Awareness key to avoiding heater woes
Franklin County Times
As the temperatures start to dip, many Franklin County residents will begin firing up their heaters.
Each year, various types of heaters are blamed for thousands of house fires and fatalities but Russellville Fire Marshall Bobby Malone said just a few quick and easy measures can be taken to avoid disaster.
"The number one thing is to make sure whatever heat source you are using is serviced or functioning properly," he said. "Central units or heat pumps should be inspected at least annually. If you haven't had an inspection, you need to have one before you turn your heater on."
Many homeowners are familiar with the smell that's omitted when you first activate your heat.
"That's just the heater burning off dust and lint," he said, adding that some caution still must be exercised. "Nine times out of ten, that's no big deal, but if you haven't had your heat pump serviced, that may be the smell of something more serious."
For families that rely on more old-fashioned sources of heat, Malone said a routine chimney cleaning is an absolute must.
"Creosote will build up in the chimney," he said. "That can block proper air flow and back the smoke up into your house," he said. "It can also start a fire in your chimney."
Space heaters have also become an increasingly popular method to warm local homes. However, if used improperly they can prove costly and sometimes fatal.
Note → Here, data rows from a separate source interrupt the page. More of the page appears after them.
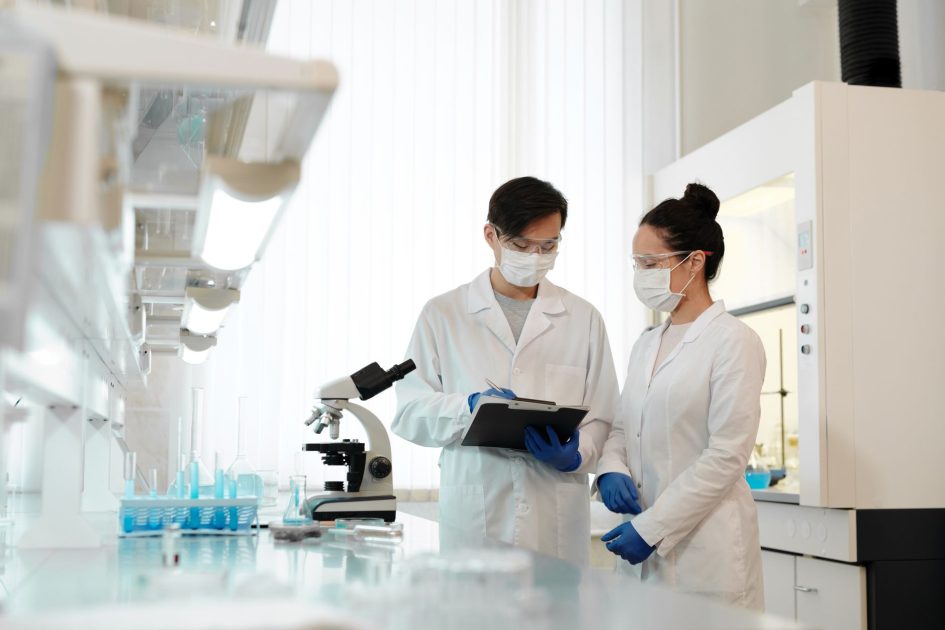 Two scientists in a laboratory wearing masks, discussing research with a microscope.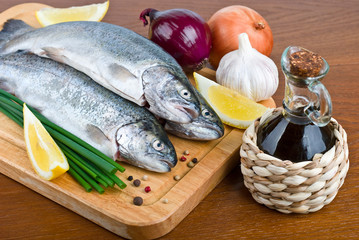 close-up raw fish trout on a wooden board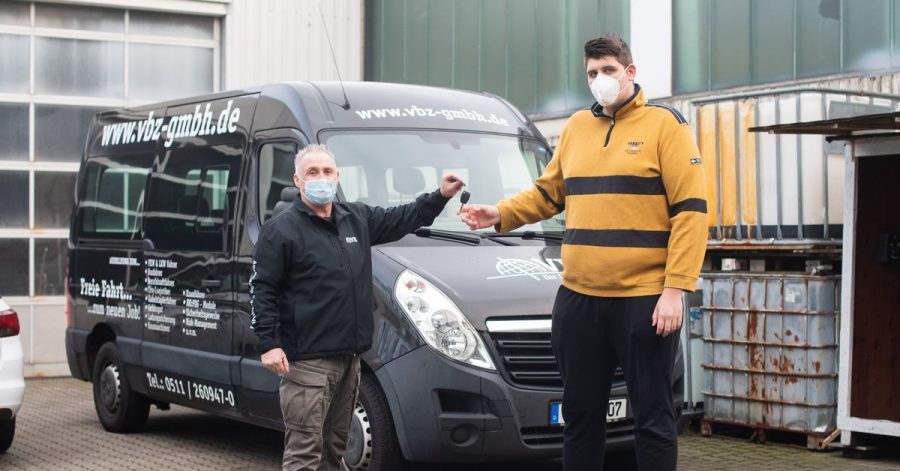 Jannik Könecke (r.) und Jörg Vespermann, Fahrlehrer und Geschäftsführer Berufskraftfahrer-Akademie-Nord GmbH, stehen vor einem für große Fahrschüler umgebauten Fahrzeug.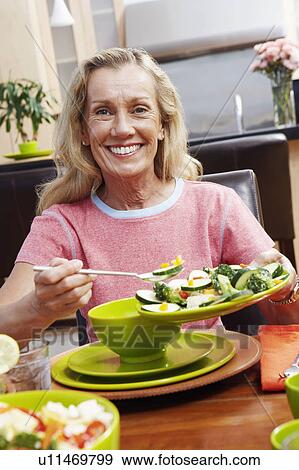 Portrait of a mature woman holding a plate of salad View Large Photo Image Stock Photo - Portrait of a mature woman holding a plate of salad. Fotosearch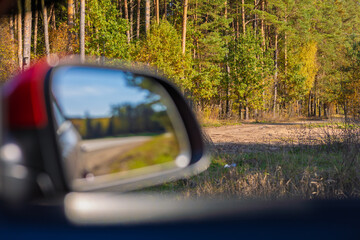 view in the rear view side mirror of a auto, driving a red car along the road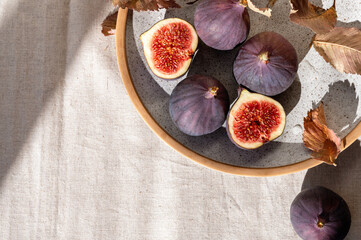 Fresh fig fruits on plate on beige linen tablecloth background with dried leaves an natural sunlight shadows, aesthetic lifestyle healthy vitamin food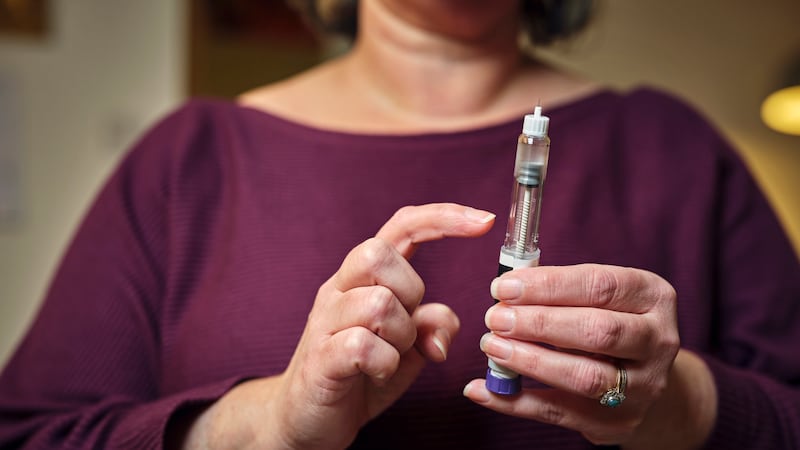 Woman holding a GLP-1 shot of Ozempic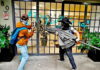 anti-gentrification protesters in Mexico City smash a window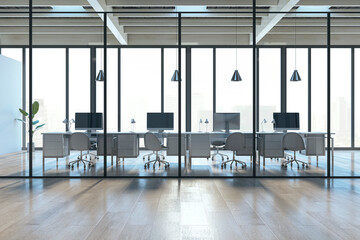Clean warehouse coworking office interior with glass, furniture and daylight. 3D Rendering.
"Space heaters need a lot of space," he said. "You need to clear at least three feet from around them. Those elements get really hot and can easily start a fire if something touches them."
Space heaters' source of electricity is also a point of concern.
"You're really not supposed to plug a space heater into an extension cord, so you should avoid that at all costs," Malone said. "But, if you have to use one, make sure it's rated high enough. Most of the time a fire like this is the result of someone plugging the heater into an extension cord that can't handle it."
Regardless of the type of heat source you use, Malone advises all residents to check to be sure their smoke detectors are working properly.